The Group adopted the new accounting standard for impairment of fixed assets as of April 1, 2005.
The Group reviews its long-lived assets for impairment whenever events or changes in circumstances indicate the carrying amount of an
asset or asset group may not be recoverable. An impairment loss would be recognized if the carrying amount of an asset or asset group
exceeds the sum of the undiscounted future cash flows expected to result from the continued use and eventual disposition of the asset or
asset group.
The impairment loss would be measured as the amount by which the carrying amount of the asset exceeds its recoverable amount, which
is the higher of the discounted cash flows from the continued use and eventual disposition of the asset or the net selling price at disposition.

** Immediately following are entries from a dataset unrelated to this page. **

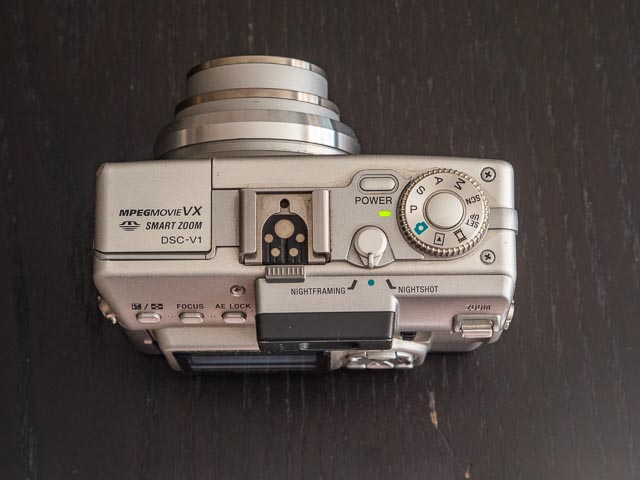 Back of Sony Cyber-shot DSC-V1 vcamera.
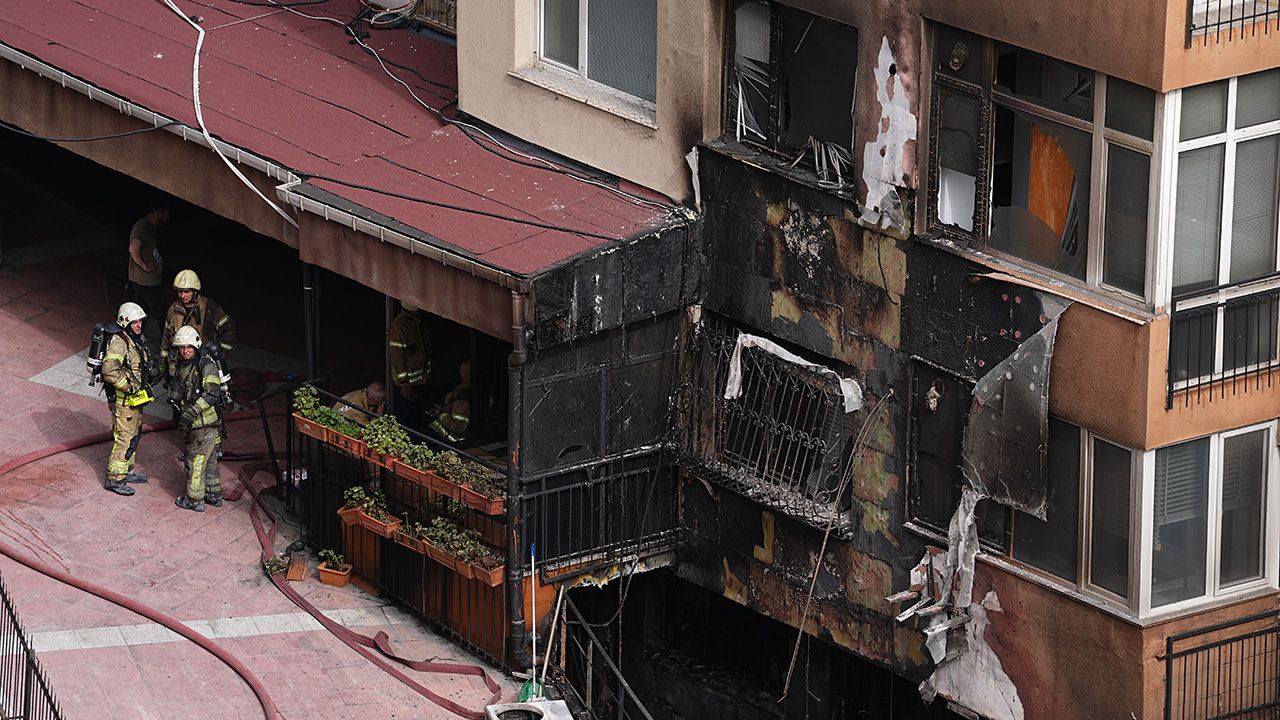 Şişli'de gece kulübünde can pazarı: 29 kişi hayatını kaybetti Şişli'de gece kulübünde can pazarı: 25 kişi hayatını kaybetti - 2. Resim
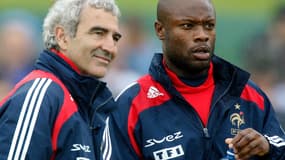 Le sélectionneur de l'équipe de France, ici avec William Gallas, est pleinement confiant quant à l'état de santé de son défenseur central.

The effect of adoption of the new accounting standard for impairment of fixed assets was to decrease income before income taxes and
minority interests for the year ended March 31, 2006 by ¥245 million ($ 2,090 thousand).
(g) Bond Issue Costs
Bond issue costs are charged to income as incurred.
(h) Retirement and Pension Plans
The Company and major subsidiaries have non-contributory funded pension plans covering substantially all of its employees. Certain foreign
subsidiaries also have contributory pension plans.
The Group accounted for the liability for retirement benefits based on the projected benefit obligations and plan assets at the balance
sheet date. Retirement allowances for officers are recorded to state the liability at the amount that would be required if all officers retired at
each balance sheet date.
(i) Retirement Allowances for Directors and Corporate Auditors
Retirement allowances for directors and corporate auditors are recorded to state the liability at the amount that would be required if all
directors and corporate auditors retired at each balance sheet date.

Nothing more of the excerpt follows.